Undergrad What is the addition law for probability with multiple elements?

[christang_1023]

The additional law with two elements can be expressed $$P(A\cup B)=P(A)+P(B)-P(A\cap B)$$, while the law with three elements can be $$P(A\cup B\cup C)=P(A)+P(B)+P(C)-P(A\cap B)-P(B\cap C)-P(A\cap C)+P(A\cap B\cap C)$$
Now I wonder if there is the more general form of addition law, which applies to any n elements.

 

[S.G. Janssens]

Now I wonder if there is the more general form of addition law, which applies to any n elements.

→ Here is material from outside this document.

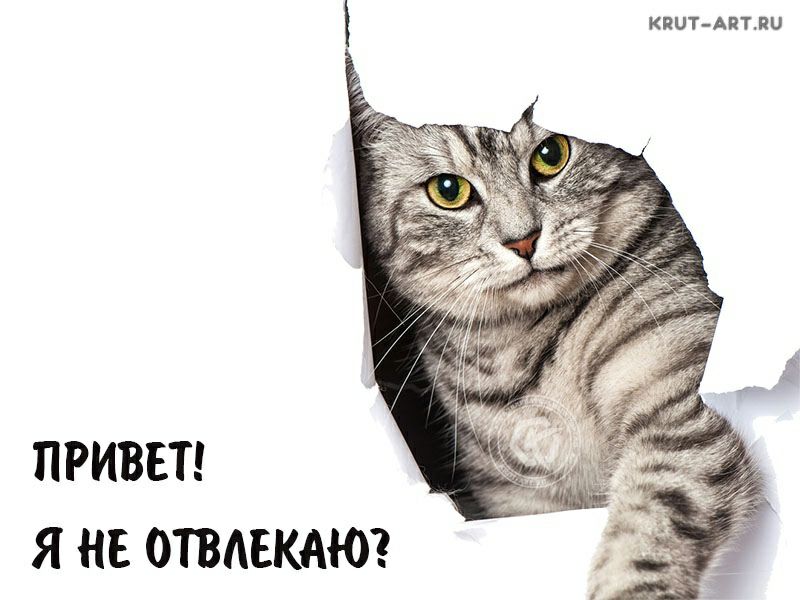 КПЦТ АПГЛЦ ПРИВЕТ Я НЕ ОТВАЕКАЮ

Yes, there is. It is knows as the principle of inclusion-exclusion, usually discussed in probability books and also in various places online.

 

[StoneTemplePython]

unless you really like combinatorial manipulations, the easiest derivation that I'm aware of is

i) $P\Big( A_1 \bigcup A_2 \bigcup A_3 \bigcup... \bigcup A_n\Big) = 1- P\Big( A_1^C \bigcap A_2^C \bigcap A_3^C \bigcap ... \bigcap A_n^C\Big)$
i.e. recall that the union of events is equivalent to the complement of the intersection of complements

ii) then use indicator random variables to model the RHS, which gives
$P\Big( A_1 \bigcup A_2 \bigcup A_3 \bigcup ... \bigcup A_n\Big) = 1 - E\Big[\big(1-\mathbb I_{A_1}\big)\big(1-\mathbb I_{A_2}\big)\big(1-\mathbb I_{A_3}\big)...\big(1-\mathbb I_{A_n}\big)\Big]$

if you expand the polynomial (i.e. apply elementary symmetric functions of the indicators and pay attention to the sign), and then use linearity of the expectations operator, you recover Inclusion-Exclusion for probability.